Vor gut einem Jahr konnten Forscher einer Pilotstudie in Österreich erstmals Mikroplastik in acht menschlichen Stuhlproben nachweisen: Die Probanden im Alter zwischen 33 und 65 Jahren, die auf verschiedenen Kontinenten lebten und sich nicht kannten, führten demnach eine Woche lang ein Ernährungstagebuch und gaben anschließend die Probe ab. Alle Teilnehmer nahmen in dieser Zeit in Plastik verpackte Lebensmittel oder Getränke aus PET-Flaschen zu sich. Die Mehrzahl von ihnen aß auch Fisch oder Meeresfrüchte, niemand ernährte sich ausschließlich vegetarisch.

Im Labor konnten neun verschiedene Kunststoffarten in der Größe von 50 bis 500 Mikrometer nachgewiesen werden: Am häufigsten fanden sich Polypropylen (PP) und Polyethylenterephthalat (PET) in den Proben. Einen Zusammenhang zwischen dem Ernährungsverhalten und einer Belastung mit Mikroplastik konnten die Wissenschaftler aufgrund der kleinen Probandengruppe nicht herstellen.

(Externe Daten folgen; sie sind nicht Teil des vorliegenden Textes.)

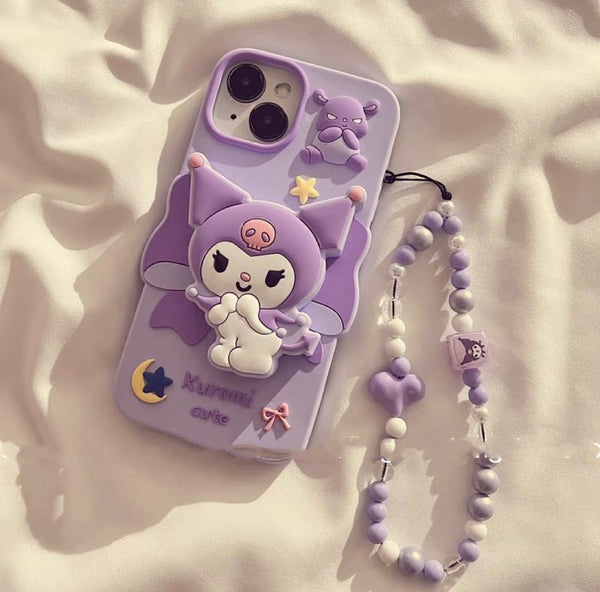 Cute Purple Phone Case for iPhone 11/12/12pro max/13/13pro/13pro max/14/14pro/14pro max/15/15pro/15pro max PN6929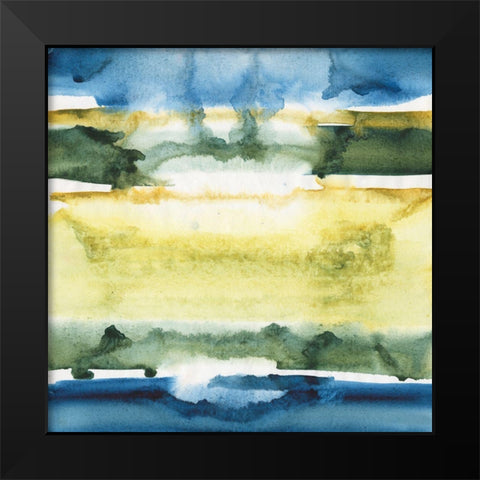 Watercolor Horizon III Black Modern Wood Framed Art Print by Combs, Joyce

Mikroplastik gelangt unter anderem durch Autoreifen-Abrieb, Zerkleinerung von Bauschutt oder Kosmetika in die Umwelt, vielfach vor allem in Gewässer. Eine Studie im Auftrag von Chemiekonzernen, Kosmetikherstellern, Wasserverbänden, Abfallentsorgern und Hochschulen hat ermittelt, dass rund 330.000 Tonnen dieses primären Mikroplastiks pro Jahr in Deutschland freigesetzt werden. Sekundäres Mikroplastik entsteht dagegen durch Verwitterung und Zerfall großer Plastikteile. Das Wissen über Herkunft, Verbreitung und Folgen von Plastik in der Umwelt ist aber insgesamt noch sehr lückenhaft. Deshalb hat das deutsche Forschungsministerium ein großes Programm aufgelegt: 18 Projekte mit rund 100 Partnern aus Wissenschaft, Wirtschaft, Verbänden und Kommunen sollen ein Gesamtbild zeichnen, wie Kunststoffe produziert, eingesetzt, gehandelt und entsorgt werden.